Racial and ethnic minorities in the United States are impacted by larger patterns of inequality, which are intricately linked to these differences in health coverage and access. Even though the Affordable Care Act (ACA) improved health coverage, there are still large disparities, especially among Black, Hispanic, Native Hawaiian/Pacific Islander (NHPI), and American Indian/Alaska Native (AIAN) people who are not old. These groups are more likely than their White counterparts to be uninsured, according to data from recent years. For instance, the uninsured rate for white Americans is 7% as of 2022, while it is still a startlingly high 18% and 19% for nonelderly Hispanic and Asian Americans, respectively.

These difficulties underscore the pressing need for focused policy changes to address the wider social determinants of health that disproportionately impact minority groups in the United States, in addition to health insurance coverage.

Although Black Hispanics are often overlooked or dichotomized as either "black" or "Hispanic" in the United States of America, Black Hispanic writers often reflect upon their racialized experience in their works. The most commonly used term in literature to speak of this ambiguity and multilayered hybridity at the heart of Latino/Latina identity and culture is miscegenation. This "mestizaje" depicts the multi-faceted racial and cultural identity that characterize Black Hispanics and highlights that each individual Black Hispanic has a unique experience within a broader racial and ethnic range.

== Civil rights ==
Data from a 2021 survey by the Pew Research Center shows that Hispanic people in the US with darker skin color are more likely to face incidents of discrimination than those with lighter skin. The survey asked participants to self-identify their skin color, and then asked series of questions about the kinds of discrimination they faced. When asked whether they faced at least one instance of discrimination in the last year, 64% of darker-skinned Hispanic adults responded that they had. When asked the same question, 54% of lighter-skinned Hispanic adults responded the same. As for the specific discrimination experienced:

- 42% of darker-skinned Hispanic people said they were treated as if they were not smart, compared to 34% of those with lighter skin.
- 42% of darker-skinned Hispanic people said they experienced discrimination by someone who is non-Hispanic, compared to 29% of those with lighter skin.
- 41% of darker-skinned Hispanic people said they experienced discrimination by someone who is Hispanic, compared to 25% of those with lighter skin.
- 33% of darker-skinned Hispanic people were criticized for speaking Spanish, compared to 22% of those with lighter skin.
- 32% of darker-skinned Hispanic people were told to go back to their country compared to 20% of those with lighter skin.
- 27% of darker-skinned Hispanic people feared for their personal safety, compared to 20% of those with lighter skin.
- 31% of darker-skinned Hispanic people were called offensive names, compared to 18% of those with lighter skin.
- 16% of darker-skinned Hispanics were unfairly stopped by police, compared to 8% of those with lighter skin.

In Latin America, Black Hispanics have historically had similar discrimination issues as African Americans in the US, including Cuba, where racial discrimination against Afro-Cubans continues to be a major human right issue for the Cuban government, even resulting in riots in Central Havana, a mostly black neighborhood in the capital.
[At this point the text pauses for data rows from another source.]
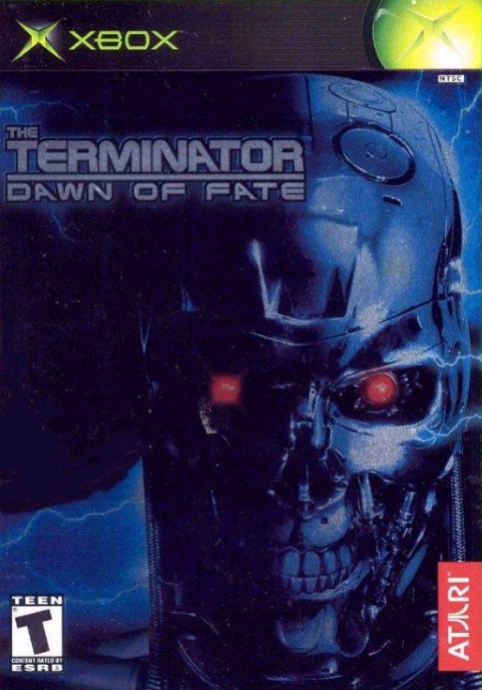 Terminator Dawn of Fate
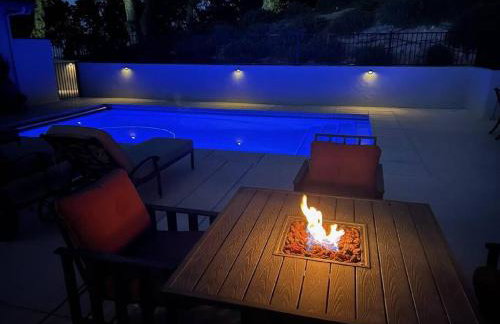 Hilltop Vistas-Private Pool, Firepit, Views - Foto 56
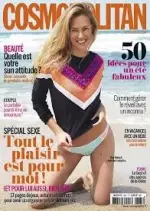 Cosmopolitan N°537 – Août 2018 [Magazines]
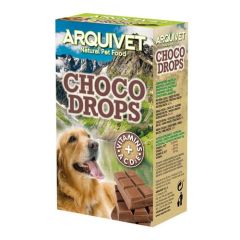 Choco drops 65 g Arquivet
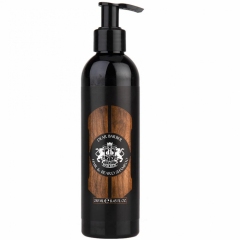 Dear Barber šampón na fúzy a vlasy 250 ml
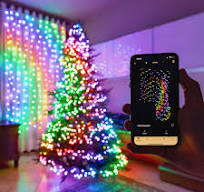 Twinkly Christmas Lights Collections - Indoor & Outdoor ...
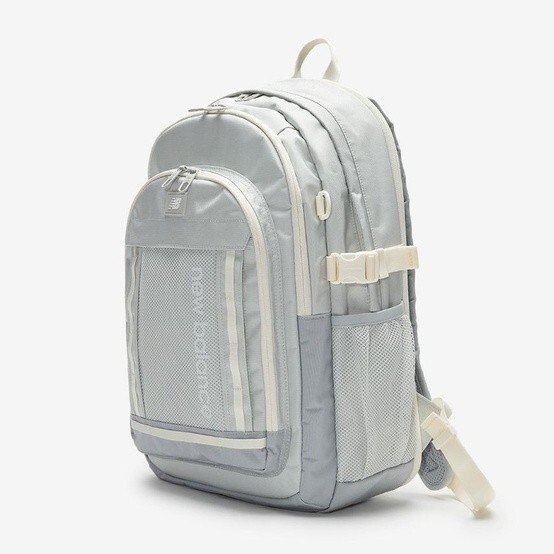 ★YEOMIM★ balance backpack silver yeo-292 New Balance] Flying Form - 3D Backpack Gray | eBay
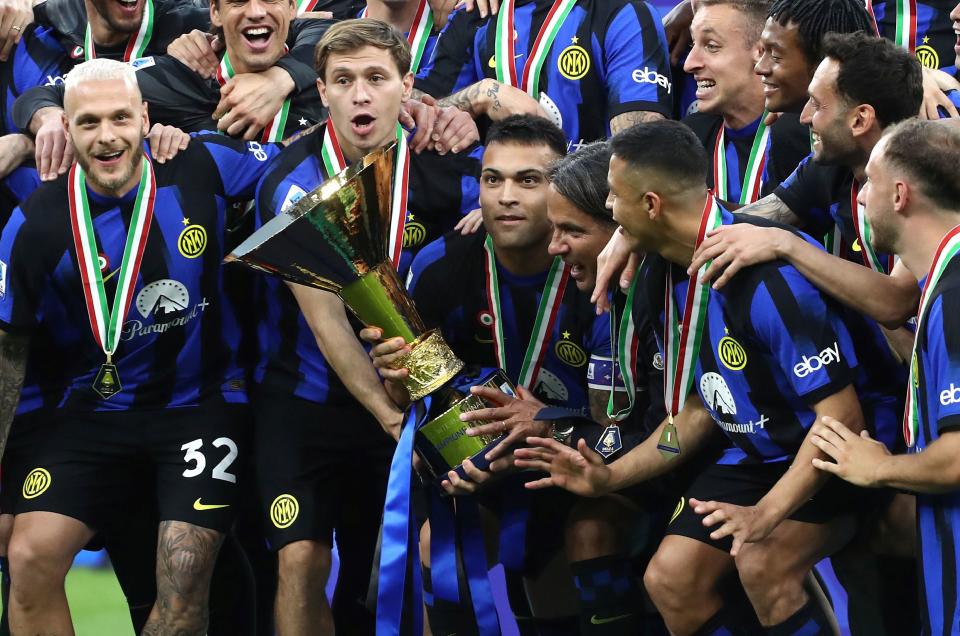 Photo – Inter Milan Captain Excited For Argentina Copa America Opener Vs Canada: ‘Not Much More To Go’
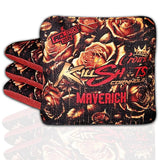 Bags Killshots Cornhole | Maverick Series | Limited Edition | 2025 ACL Pro Cornhole Bags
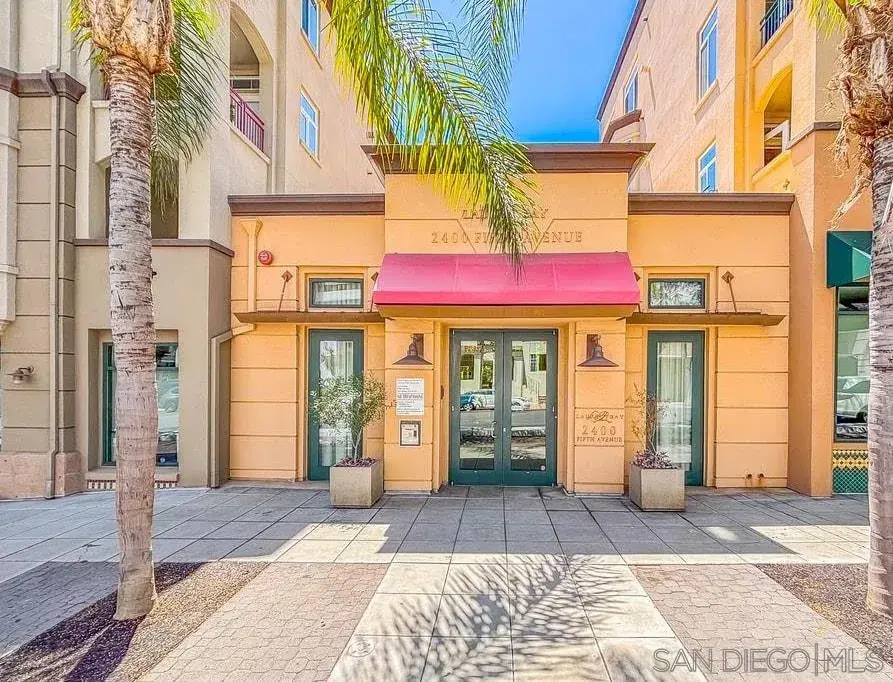 2400 5th Ave #203, San Diego, CA 92101 - #1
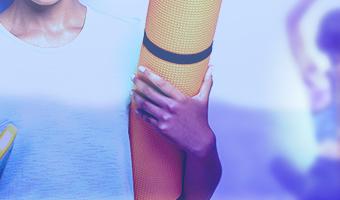 OBG PUB - Accessoires de yoga publicitaires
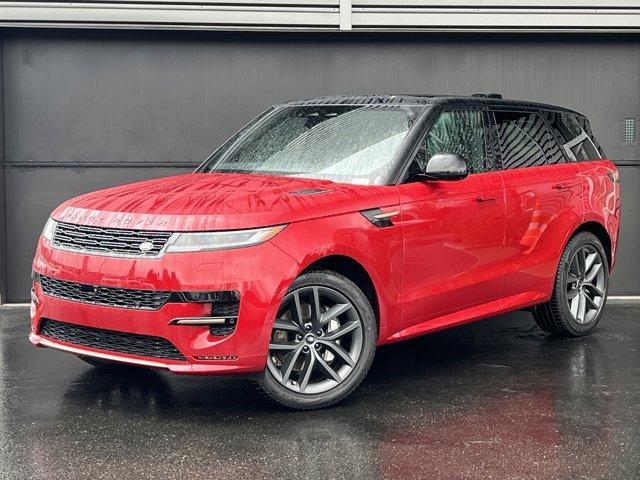 new 2025 Land Rover Range Rover Sport car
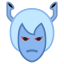 Andorian (Star Trek) icon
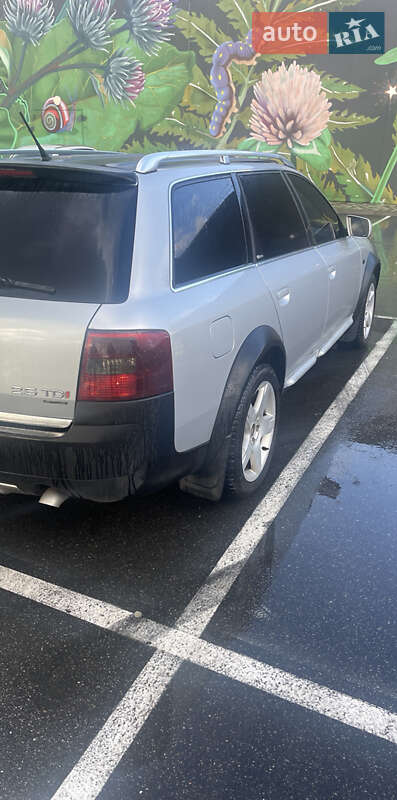 Универсал Audi A6 Allroad 2003 в Белогородке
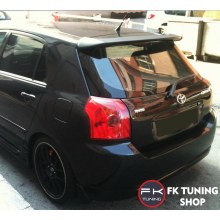Toyota Corolla HB Spoyler Bagaj Üstü (polyester/boyasız)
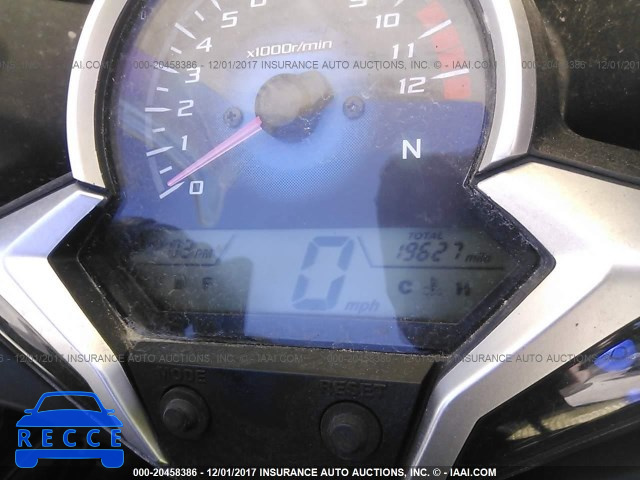 2011 Honda CBR250 R MLHMC4113B5002528 image 6
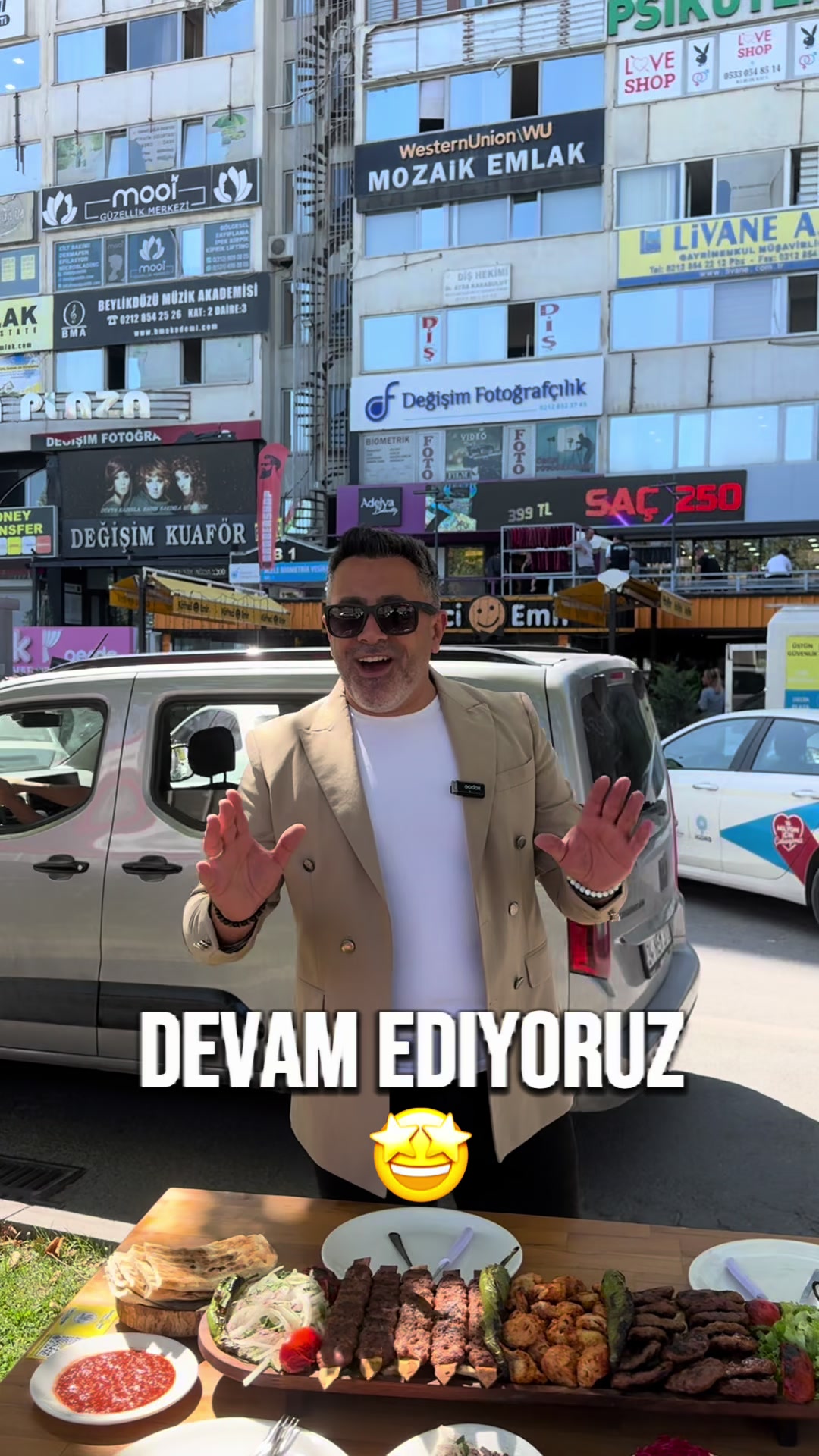 @K&Ouml;FTECİ EMİR & EMİR BURGER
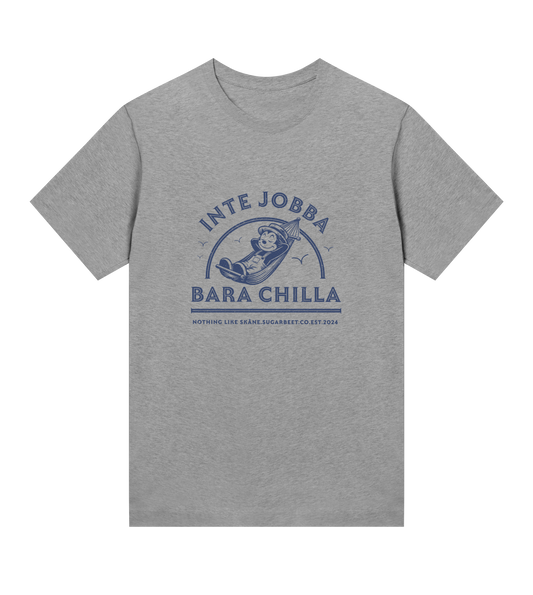 Inte Jobba Bara Chilla - Grey - Woman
In Mexico, racism against black Mexicans has been also an often ignored issue, and it wasn't until 2020 that an option appeared on the national census allowing black Mexicans to self-identify, even though polls had shown that about 2.5 million Mexicans identify as black. Racism in Puerto Rico has also been well-documented, and according to Black Perspectives, "in Puerto Rico, much like in the rest of Latin America, anti-Black racism is embedded in the very denial of its existence by the state and society." Yet despite issues of Anti-Blackness within the Puerto Rican community there is also a large sense of cultural syncretism, and shared experience between the Puerto Rican community and African American community. An example of this would be the Puerto Rican Young Lords movement which started in Chicago and was heavily influenced by the Black Panther Party, out of a need for representation of inner city Puerto Rican/Latino communities. The two groups often collaborated, forming the “Rainbow Coalition” in order to campaign for civil rights such as proper sanitation, Lead paint detection, free meals for children, and health care services in black, and brown communities across the United States. Brazil's racism towards its near majority Afro-Brazilian population also has a long, well-documented history, as well as its "whitening ideology" of the 1930s, when the government encouraged European migration to successfully shift the country's racial make-up to a white majority. In Honduras, racism against Afro-Hondurans has also received international attention as the country struggles with discrimination issues. Racism in Argentina, which has a 97 percent white population, is also well-documented and "persists against indigenous peoples, immigrants, Afro-Argentines, mestizo Argentines, Jews and Arabs." Even in countries with majority black Hispanic populations, such as the Dominican Republic, the case of racism against "darker" skinned Dominicans and neighboring Haitians is an issue.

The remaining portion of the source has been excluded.